In a few hours, she's asleep. Clothes a bit more wrinkles then before, and her legs are tangled in his dark gray sheets; hair cast out like splattered paint across his pillows. Peter himself is awake though, finishing the blueprints in his head. Every little snapshot his eyes might have caught of her get filed away, sorted, sealed.

As we've acknowledged, he's a master at overkill. One cannot deny this once they also account that the angel-assuming face before him, peaceful in slumber, serene in blessed dreams, is not the only one that is dedicated to a special map. Each smile is there as well; and more importantly, every frown. Scowl. Glare. These might even be remembered in more detail than each sweet look and affectionate touch, because of the long history behind them. Traced all the way back to a blind girl in a random alley, whom the boy had approached to deliver the news that her sister was dead, and it was his own fault.

Thinking back on that now, it should be noted that it had been in that instant, the second after his words left his lips… that expression, that flicker of fury and hurt and shock and horror, that had subconsciously made the decision that the face of Dominique Weasley was one he would not forget.

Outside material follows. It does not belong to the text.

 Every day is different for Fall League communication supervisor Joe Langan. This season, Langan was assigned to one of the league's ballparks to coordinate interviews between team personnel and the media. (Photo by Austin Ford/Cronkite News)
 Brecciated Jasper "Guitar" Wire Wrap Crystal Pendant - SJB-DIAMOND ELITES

One might call it fate now, how during that period of instant tension and blossoming hate, the girl had already managed to make her way into such an exclusive part of Peter Pan. The mind of an immortal – an immature, youthful, petty immortal – is a forgetful one. Already gone are the faces of a man once called father, dozens upon dozens of lost boys buried or gone… and others more recent. A man with a sonic who called himself a doctor, and a woman named Sophia with her dog named Walter. A demigod named Jackson, and his friend named Percy. There are even more, with names also forgotten; they'll flash through his mind at the most random times of the night, or flicker for a moment when he's bored, before disappearing.

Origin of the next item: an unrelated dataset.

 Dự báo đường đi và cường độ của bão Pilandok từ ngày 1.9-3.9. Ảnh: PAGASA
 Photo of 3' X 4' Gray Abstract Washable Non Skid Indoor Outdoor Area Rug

As you can see, to be remembered is quite a great honor, if you are absent for any period of time from days to years; and already, at that time of the first meeting, she was different. She still is different. Never before has Peter Pan ever devoted every part of his mind, and body, and heart, into a goal about someone besides himself. Never before to remembering a face. A touch. The lilt of a voice. The curve of lips as they morph from scowl to smile.

She's one of the few – and the only in an entirely different category – that Peter Pan will not, cannot, forget.

And if every image must be run over in his mind a million times, if he must reach out and touch her softly just for a moment (as he does now, to brush that hair from her face, the soft locks running through his fingers), or if he must randomly appear in her room, on her couch, behind her back, when that sudden, irrational fear crawls up his spine where he suspects he cannot recall a certain feature or expression or tone… if he must occupy nearly every part of him that as once dedicated to livingand triumphing and existing in the world, just to guarantee her in his mind perfectly one second more.

So be it.


Remembering the past gives power to the present.